== Dataset
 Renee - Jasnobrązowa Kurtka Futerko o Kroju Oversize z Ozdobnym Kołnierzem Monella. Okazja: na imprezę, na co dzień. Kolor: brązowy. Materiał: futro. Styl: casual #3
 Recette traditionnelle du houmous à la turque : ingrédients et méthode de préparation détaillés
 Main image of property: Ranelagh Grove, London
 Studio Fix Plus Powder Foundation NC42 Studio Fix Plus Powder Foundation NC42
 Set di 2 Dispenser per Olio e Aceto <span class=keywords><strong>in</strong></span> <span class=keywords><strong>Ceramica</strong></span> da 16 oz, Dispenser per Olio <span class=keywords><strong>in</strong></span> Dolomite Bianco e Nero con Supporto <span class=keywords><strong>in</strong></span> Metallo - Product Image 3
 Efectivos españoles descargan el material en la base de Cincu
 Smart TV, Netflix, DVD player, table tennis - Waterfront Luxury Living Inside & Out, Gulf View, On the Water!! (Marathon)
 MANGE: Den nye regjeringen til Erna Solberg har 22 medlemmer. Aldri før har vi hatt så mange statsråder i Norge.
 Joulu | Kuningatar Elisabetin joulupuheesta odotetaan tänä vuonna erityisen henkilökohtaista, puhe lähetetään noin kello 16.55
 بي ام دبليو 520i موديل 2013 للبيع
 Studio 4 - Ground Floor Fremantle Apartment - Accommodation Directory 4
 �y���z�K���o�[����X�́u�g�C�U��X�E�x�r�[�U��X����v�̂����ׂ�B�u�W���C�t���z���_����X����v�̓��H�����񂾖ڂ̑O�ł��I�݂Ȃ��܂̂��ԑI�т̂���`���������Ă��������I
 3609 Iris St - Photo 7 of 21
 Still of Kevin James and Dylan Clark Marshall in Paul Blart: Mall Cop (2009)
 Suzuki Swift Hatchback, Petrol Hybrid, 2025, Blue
====
Exercise directions
Set down only these lines, exactly: the line containing "بي ام دبليو 520i موديل 2013 للبيع" and each line after it, through the end of the listing.

Task response
 بي ام دبليو 520i موديل 2013 للبيع
 Studio 4 - Ground Floor Fremantle Apartment - Accommodation Directory 4
 �y���z�K���o�[����X�́u�g�C�U��X�E�x�r�[�U��X����v�̂����ׂ�B�u�W���C�t���z���_����X����v�̓��H�����񂾖ڂ̑O�ł��I�݂Ȃ��܂̂��ԑI�т̂���`���������Ă��������I
 3609 Iris St - Photo 7 of 21
 Still of Kevin James and Dylan Clark Marshall in Paul Blart: Mall Cop (2009)
 Suzuki Swift Hatchback, Petrol Hybrid, 2025, Blue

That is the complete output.